### Task instructions
Using the records below, repeat exactly the lines from the one holding "Megaphone symbol with" through the one holding "ON-TREND Elegant Rattan", both ends included, and no others.

### Task inputs
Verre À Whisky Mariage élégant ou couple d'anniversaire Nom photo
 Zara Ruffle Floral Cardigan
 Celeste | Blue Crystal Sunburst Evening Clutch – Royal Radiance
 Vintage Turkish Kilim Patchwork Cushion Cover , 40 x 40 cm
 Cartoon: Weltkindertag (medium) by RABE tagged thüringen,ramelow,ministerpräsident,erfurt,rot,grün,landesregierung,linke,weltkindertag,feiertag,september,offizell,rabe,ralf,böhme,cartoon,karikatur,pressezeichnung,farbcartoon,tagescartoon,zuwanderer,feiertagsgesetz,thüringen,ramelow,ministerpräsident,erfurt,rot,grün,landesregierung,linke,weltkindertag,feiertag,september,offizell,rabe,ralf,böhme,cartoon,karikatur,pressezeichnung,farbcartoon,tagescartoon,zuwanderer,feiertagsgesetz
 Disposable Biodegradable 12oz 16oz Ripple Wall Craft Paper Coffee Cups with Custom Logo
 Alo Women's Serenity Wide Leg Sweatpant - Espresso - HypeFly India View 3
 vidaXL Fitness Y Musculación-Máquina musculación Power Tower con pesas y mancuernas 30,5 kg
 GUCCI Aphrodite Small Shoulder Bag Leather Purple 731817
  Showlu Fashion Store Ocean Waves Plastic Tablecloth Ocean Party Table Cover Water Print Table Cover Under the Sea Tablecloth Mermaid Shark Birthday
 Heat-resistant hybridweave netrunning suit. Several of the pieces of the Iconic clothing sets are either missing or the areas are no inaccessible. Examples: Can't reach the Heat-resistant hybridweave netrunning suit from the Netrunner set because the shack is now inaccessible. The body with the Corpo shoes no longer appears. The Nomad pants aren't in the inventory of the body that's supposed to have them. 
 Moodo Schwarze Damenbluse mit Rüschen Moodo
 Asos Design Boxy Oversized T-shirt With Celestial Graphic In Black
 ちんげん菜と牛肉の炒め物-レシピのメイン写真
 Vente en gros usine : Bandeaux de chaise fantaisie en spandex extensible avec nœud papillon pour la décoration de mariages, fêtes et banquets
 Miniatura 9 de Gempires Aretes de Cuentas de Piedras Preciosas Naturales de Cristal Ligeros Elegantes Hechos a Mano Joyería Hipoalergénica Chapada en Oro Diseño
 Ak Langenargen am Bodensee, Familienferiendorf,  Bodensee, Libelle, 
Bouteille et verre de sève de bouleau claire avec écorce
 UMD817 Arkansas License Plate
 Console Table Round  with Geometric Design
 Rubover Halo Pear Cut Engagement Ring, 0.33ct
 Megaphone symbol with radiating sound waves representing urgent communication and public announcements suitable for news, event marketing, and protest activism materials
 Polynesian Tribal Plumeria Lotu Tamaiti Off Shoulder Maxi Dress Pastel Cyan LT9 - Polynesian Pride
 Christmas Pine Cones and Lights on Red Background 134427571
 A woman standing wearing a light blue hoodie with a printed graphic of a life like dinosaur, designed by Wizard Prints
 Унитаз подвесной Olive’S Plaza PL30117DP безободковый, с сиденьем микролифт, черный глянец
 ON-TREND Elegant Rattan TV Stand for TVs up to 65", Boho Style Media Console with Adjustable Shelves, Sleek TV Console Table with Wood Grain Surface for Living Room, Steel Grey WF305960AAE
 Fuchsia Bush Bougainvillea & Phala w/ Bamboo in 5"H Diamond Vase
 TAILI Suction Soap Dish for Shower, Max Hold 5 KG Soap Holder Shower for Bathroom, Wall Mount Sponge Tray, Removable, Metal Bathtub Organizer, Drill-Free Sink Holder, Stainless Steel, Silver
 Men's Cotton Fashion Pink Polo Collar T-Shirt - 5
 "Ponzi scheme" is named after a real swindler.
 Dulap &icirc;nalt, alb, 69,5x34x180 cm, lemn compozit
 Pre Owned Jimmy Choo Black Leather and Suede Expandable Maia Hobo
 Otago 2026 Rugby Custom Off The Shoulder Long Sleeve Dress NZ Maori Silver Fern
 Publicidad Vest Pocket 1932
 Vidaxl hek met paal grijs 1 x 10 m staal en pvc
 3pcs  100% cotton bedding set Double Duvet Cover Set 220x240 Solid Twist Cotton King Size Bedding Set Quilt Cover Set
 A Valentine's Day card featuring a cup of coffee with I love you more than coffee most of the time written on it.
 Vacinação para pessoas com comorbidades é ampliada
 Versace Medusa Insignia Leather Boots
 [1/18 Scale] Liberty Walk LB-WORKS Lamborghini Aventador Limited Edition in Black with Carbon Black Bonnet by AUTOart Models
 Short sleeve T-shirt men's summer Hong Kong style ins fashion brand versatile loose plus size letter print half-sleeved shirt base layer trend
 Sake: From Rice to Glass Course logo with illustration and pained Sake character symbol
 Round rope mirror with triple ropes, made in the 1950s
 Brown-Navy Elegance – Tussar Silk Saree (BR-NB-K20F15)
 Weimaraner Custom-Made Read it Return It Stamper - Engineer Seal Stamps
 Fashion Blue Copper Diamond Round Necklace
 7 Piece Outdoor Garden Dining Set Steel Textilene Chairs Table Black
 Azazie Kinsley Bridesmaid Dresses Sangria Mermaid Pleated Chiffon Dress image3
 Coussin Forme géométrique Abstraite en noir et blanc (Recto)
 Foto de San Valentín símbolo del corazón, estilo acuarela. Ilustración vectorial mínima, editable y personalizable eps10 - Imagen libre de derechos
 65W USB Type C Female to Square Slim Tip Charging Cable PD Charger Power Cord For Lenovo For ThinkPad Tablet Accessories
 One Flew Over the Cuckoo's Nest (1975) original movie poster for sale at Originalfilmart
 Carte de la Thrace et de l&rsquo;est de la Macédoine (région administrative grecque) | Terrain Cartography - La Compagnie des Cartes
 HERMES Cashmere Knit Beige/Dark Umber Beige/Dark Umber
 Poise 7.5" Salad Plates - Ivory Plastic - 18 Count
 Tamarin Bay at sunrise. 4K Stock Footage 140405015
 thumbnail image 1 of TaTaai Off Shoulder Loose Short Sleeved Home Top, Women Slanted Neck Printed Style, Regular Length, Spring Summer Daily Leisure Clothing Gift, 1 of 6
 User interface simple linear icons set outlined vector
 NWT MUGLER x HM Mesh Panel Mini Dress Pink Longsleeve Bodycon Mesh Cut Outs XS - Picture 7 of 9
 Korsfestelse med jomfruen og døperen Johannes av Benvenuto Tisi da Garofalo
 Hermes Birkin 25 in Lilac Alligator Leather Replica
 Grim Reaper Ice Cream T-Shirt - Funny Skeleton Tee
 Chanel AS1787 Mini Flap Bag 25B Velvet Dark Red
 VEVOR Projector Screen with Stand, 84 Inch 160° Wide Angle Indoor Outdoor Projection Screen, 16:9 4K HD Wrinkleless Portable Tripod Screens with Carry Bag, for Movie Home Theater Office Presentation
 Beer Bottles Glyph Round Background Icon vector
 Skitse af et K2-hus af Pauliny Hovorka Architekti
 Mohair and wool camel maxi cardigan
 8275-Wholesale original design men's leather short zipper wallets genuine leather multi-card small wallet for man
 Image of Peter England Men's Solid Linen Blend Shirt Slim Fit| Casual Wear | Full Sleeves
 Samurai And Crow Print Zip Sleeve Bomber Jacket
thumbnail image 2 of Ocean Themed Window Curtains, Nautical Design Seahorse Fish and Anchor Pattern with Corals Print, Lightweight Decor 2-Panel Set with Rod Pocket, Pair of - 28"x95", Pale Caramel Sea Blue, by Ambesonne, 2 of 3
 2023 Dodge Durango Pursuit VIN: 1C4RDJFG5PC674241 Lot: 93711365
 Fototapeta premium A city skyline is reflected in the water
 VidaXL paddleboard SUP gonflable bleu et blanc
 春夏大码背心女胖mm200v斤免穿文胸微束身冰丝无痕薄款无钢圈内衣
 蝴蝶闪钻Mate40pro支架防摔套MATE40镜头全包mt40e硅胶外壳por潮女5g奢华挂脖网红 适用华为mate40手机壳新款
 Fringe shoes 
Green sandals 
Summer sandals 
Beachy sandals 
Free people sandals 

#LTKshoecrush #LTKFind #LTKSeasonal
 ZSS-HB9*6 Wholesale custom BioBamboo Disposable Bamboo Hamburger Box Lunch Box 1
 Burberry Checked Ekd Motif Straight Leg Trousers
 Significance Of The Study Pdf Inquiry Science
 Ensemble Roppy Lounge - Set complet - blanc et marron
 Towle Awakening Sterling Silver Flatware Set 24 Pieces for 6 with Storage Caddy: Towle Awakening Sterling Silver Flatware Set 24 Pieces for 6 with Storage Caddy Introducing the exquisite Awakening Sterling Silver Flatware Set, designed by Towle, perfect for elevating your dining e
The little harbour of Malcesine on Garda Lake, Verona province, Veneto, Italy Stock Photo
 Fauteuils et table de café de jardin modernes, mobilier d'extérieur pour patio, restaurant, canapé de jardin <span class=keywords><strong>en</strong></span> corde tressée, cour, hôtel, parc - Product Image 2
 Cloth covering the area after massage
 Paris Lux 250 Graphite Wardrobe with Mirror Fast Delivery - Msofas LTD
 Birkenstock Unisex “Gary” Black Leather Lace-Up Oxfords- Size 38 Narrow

### Task output
 Megaphone symbol with radiating sound waves representing urgent communication and public announcements suitable for news, event marketing, and protest activism materials
 Polynesian Tribal Plumeria Lotu Tamaiti Off Shoulder Maxi Dress Pastel Cyan LT9 - Polynesian Pride
 Christmas Pine Cones and Lights on Red Background 134427571
 A woman standing wearing a light blue hoodie with a printed graphic of a life like dinosaur, designed by Wizard Prints
 Унитаз подвесной Olive’S Plaza PL30117DP безободковый, с сиденьем микролифт, черный глянец
 ON-TREND Elegant Rattan TV Stand for TVs up to 65", Boho Style Media Console with Adjustable Shelves, Sleek TV Console Table with Wood Grain Surface for Living Room, Steel Grey WF305960AAE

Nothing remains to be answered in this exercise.